Native support for bone and skin animation: New functionality in OctaneRender 3.1 adds native bone and skinned mesh support for fast character animation and glTF support in ORBX scenes.
CPU support: For those systems that don’t have an Nvidia GPU, Octane Render 3.1 will include fallback support for CPU rendering.

The CPU support is the first use of OTOY’s new CUDA-cross compiler for non-GPU based systems. It won’t be fast, as Urbach noted that a 20 core Xeon system will be slower than NVIDA’s GK104 chip.
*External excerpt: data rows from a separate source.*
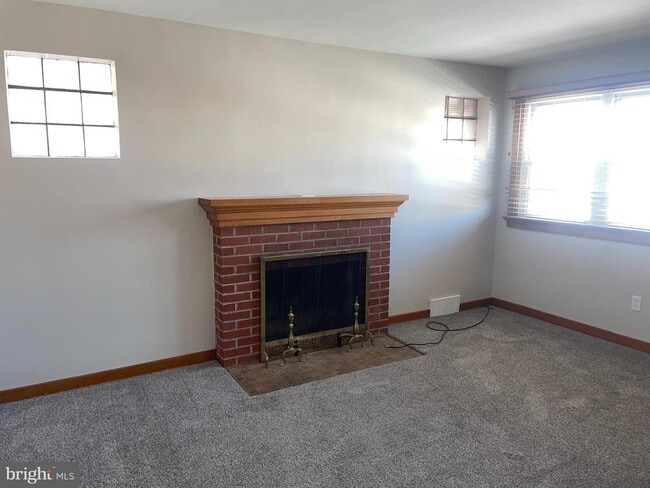 Building Photo - 5017 Mauretania Ave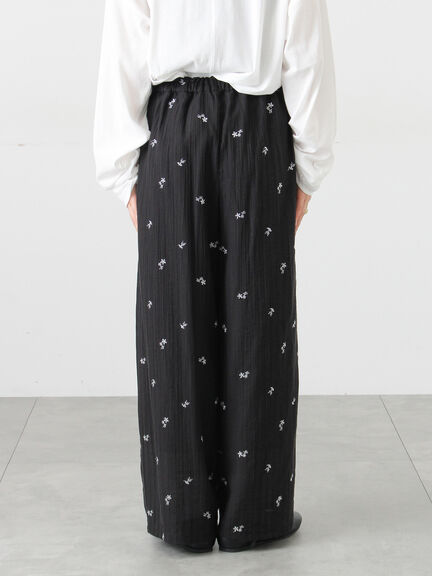 シアー楊柳刺繍イージーパンツ（オフホワイト/ブラック/ミント）｜Samansa Mos2（サマンサ モスモス）通販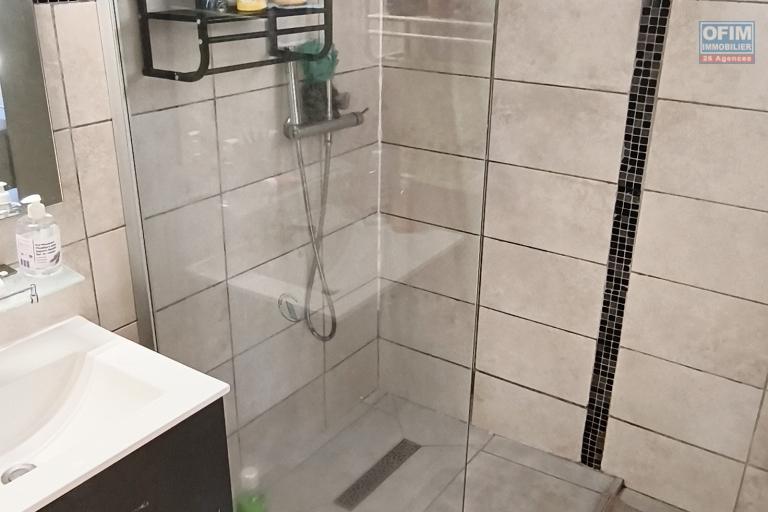 A vendre VILLA F4 à Saint-André sur 402 m2 constructible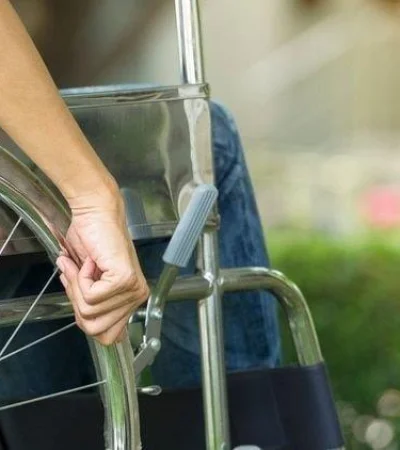 Persona-con-discapacidad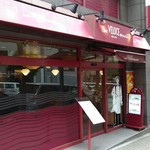 CAFFE VELOCE - お店外観。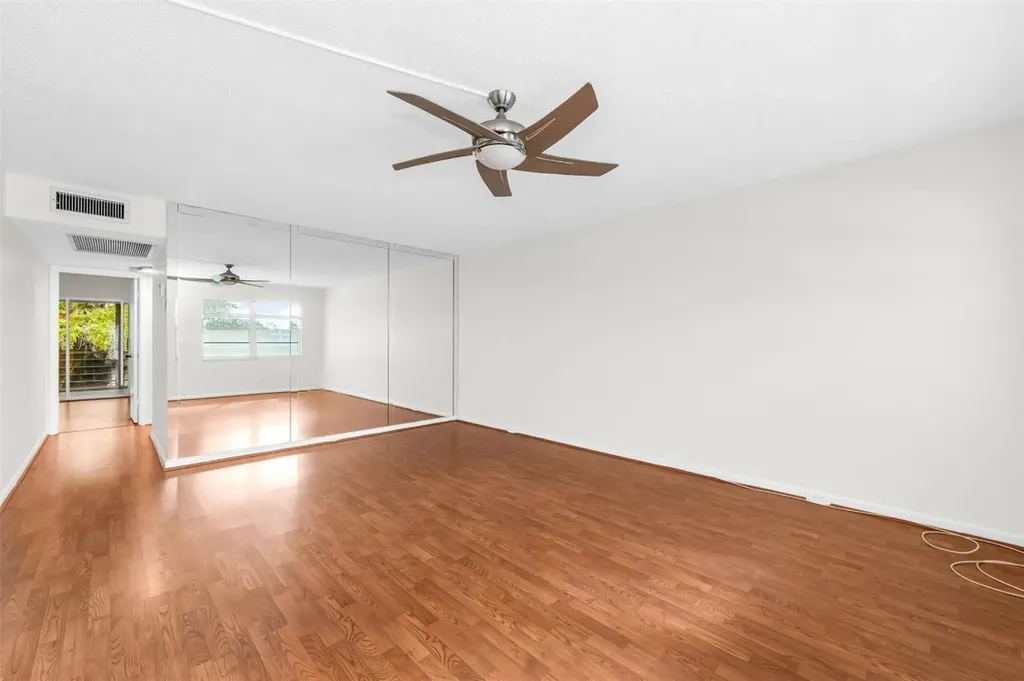 2069 Oakridge F Deerfield Beach FL 33442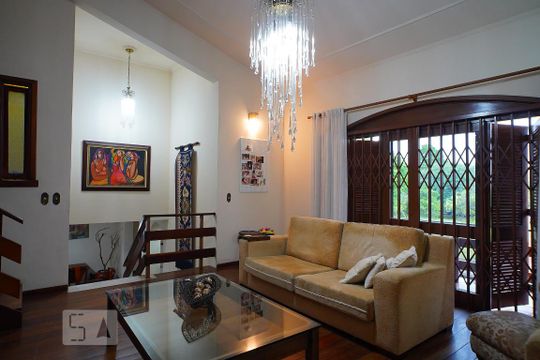 Casa à venda com 4 quartos, 350m² em Jardim Itu, Porto Alegre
Moving forward, Urbach revealed plans for Octane after 3.1, with the main bullet points as follows:

OctaneEngine, a new way to enjoy the latest Octane technology: In addition to the OctaneRender standalone application and OctaneRender Cloud, OTOY will introduce OctaneEngine, a new subscription-based offering that provides new flexibility and functionality in content creation. Features include:
- Network rendering: OctaneEngine will enable users to use other GPUs on the network to complete rendering tasks.
- Octane as a service: OctaneEngine can be run on any system in a network and deliver functionality to Octane plugins without requiring a GPU on the local machine. For example, a workstation without a GPU could run the Octane plugin for Autodesk Maya and complete renders using the GPU of the workstation that hosts OctaneEngine.
- Asynchronous rendering: OctaneEngine will enable the ability to set multiple renders in the background that can be cued for use as needed.
- Web API for new Octane-based services: OTOY will be exposing a Web API around OctaneEngine enabling new types of web services and applications to be created using standards such as WebGL.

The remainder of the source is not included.